### What this task involves
In the entries below, find the line with "Pine Tree - Charming Apartment" and print exactly every line from there up to and including the line with "Şanlıurfa'da freni boşalan", with no other lines.

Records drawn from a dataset
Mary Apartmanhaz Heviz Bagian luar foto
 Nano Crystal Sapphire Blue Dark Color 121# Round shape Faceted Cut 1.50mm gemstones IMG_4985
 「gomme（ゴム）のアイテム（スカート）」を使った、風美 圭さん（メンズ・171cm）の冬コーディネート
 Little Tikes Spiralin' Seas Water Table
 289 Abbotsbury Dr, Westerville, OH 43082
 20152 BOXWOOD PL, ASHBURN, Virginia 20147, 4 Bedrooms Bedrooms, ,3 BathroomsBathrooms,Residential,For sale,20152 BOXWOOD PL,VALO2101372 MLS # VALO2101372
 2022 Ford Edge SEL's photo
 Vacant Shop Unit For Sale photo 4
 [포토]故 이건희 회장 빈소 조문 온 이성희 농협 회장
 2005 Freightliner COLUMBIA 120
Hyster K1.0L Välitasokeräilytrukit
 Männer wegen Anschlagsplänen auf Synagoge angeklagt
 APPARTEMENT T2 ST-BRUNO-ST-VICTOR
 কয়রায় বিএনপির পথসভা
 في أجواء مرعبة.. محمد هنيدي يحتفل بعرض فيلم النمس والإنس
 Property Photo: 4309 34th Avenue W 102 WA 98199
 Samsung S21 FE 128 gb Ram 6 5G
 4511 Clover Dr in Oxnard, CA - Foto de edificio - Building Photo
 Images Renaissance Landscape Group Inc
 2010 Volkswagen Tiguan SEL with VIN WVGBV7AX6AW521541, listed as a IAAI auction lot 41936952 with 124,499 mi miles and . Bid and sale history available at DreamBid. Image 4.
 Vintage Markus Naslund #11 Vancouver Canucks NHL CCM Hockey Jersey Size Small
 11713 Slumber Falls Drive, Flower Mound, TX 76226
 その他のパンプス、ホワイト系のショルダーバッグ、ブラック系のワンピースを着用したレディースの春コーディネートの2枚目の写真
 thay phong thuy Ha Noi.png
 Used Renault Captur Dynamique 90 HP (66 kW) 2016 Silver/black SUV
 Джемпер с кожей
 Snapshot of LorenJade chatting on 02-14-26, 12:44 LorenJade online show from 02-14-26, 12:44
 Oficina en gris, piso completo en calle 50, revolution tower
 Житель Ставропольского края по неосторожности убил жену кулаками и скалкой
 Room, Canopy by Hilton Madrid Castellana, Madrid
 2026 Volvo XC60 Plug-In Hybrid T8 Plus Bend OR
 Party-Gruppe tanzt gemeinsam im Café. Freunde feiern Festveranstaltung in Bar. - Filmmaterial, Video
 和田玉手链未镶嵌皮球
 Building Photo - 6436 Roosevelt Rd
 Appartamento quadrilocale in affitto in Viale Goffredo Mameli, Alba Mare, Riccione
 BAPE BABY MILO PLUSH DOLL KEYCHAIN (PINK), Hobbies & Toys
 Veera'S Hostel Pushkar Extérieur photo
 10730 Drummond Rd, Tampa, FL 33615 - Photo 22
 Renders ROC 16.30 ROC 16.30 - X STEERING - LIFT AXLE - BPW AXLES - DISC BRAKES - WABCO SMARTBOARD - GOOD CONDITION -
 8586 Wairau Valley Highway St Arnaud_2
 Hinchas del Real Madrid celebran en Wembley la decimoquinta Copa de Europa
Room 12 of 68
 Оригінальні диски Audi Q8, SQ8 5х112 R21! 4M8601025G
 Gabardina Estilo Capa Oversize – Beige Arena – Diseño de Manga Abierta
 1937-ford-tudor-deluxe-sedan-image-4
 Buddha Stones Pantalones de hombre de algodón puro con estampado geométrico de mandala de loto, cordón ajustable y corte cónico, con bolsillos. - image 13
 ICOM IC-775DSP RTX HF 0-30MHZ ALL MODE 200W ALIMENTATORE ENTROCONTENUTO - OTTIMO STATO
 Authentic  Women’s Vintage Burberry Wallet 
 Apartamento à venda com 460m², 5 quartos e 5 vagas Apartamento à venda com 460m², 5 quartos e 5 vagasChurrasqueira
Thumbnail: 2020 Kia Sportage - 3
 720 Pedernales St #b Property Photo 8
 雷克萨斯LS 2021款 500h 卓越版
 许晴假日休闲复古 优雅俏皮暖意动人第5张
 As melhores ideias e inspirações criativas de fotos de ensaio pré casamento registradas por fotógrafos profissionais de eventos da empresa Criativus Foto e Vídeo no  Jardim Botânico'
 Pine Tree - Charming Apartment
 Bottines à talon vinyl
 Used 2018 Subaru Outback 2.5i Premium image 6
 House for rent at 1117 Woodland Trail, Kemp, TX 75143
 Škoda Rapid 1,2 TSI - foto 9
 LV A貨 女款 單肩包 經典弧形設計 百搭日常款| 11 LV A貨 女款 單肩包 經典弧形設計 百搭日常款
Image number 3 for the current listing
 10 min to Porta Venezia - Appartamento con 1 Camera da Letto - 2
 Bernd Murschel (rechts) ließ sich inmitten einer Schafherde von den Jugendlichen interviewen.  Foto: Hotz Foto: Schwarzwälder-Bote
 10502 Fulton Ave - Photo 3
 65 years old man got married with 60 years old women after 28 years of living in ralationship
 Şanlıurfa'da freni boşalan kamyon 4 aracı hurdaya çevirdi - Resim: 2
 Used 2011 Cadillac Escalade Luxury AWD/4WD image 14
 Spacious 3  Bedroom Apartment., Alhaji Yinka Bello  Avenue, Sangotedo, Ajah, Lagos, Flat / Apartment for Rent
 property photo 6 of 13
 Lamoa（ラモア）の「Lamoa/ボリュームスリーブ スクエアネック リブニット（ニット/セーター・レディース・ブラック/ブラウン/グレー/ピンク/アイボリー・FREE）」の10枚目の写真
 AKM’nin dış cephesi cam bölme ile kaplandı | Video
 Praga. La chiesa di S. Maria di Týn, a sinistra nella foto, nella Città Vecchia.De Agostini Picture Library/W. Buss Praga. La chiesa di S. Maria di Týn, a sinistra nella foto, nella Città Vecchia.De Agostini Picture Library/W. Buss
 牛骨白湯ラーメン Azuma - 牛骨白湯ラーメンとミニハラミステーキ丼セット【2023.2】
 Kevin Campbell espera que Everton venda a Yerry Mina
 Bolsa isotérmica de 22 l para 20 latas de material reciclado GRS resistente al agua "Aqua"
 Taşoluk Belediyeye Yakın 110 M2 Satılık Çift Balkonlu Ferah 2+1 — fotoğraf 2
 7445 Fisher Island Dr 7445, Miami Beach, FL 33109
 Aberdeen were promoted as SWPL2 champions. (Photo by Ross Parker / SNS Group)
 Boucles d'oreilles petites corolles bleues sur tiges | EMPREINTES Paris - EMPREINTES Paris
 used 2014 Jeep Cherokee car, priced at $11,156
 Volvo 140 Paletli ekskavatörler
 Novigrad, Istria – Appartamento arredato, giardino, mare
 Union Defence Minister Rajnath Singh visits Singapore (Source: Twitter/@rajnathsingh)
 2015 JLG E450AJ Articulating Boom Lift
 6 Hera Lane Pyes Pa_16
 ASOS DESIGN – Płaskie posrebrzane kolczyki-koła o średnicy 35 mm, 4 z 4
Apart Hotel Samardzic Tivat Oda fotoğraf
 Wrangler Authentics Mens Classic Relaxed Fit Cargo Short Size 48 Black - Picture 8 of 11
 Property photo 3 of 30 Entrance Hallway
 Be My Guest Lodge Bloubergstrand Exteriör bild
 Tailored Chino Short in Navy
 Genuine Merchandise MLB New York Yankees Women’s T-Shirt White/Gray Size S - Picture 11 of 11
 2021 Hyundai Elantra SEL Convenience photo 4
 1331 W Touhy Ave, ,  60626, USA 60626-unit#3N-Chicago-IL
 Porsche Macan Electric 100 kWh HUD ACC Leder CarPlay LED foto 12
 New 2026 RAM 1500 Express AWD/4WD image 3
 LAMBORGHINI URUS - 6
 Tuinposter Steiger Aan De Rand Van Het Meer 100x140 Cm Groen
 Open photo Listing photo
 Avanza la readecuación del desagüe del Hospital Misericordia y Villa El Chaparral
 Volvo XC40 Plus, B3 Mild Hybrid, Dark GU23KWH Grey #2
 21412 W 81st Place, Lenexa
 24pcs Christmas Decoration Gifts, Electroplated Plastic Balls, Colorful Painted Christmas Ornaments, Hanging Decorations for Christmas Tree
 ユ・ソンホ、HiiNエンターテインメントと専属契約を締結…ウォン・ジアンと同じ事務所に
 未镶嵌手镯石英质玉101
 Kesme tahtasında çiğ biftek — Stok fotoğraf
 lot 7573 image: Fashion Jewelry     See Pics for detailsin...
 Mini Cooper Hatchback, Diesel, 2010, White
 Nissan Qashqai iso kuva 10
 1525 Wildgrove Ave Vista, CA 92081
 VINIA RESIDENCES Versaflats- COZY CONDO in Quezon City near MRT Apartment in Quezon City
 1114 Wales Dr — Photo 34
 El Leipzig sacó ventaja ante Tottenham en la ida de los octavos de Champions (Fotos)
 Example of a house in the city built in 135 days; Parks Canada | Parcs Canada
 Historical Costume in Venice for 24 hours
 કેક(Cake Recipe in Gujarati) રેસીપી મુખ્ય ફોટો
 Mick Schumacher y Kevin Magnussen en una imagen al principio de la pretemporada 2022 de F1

### Reply to the exercise
 Pine Tree - Charming Apartment
 Bottines à talon vinyl
 Used 2018 Subaru Outback 2.5i Premium image 6
 House for rent at 1117 Woodland Trail, Kemp, TX 75143
 Škoda Rapid 1,2 TSI - foto 9
 LV A貨 女款 單肩包 經典弧形設計 百搭日常款| 11 LV A貨 女款 單肩包 經典弧形設計 百搭日常款
Image number 3 for the current listing
 10 min to Porta Venezia - Appartamento con 1 Camera da Letto - 2
 Bernd Murschel (rechts) ließ sich inmitten einer Schafherde von den Jugendlichen interviewen.  Foto: Hotz Foto: Schwarzwälder-Bote
 10502 Fulton Ave - Photo 3
 65 years old man got married with 60 years old women after 28 years of living in ralationship
 Şanlıurfa'da freni boşalan kamyon 4 aracı hurdaya çevirdi - Resim: 2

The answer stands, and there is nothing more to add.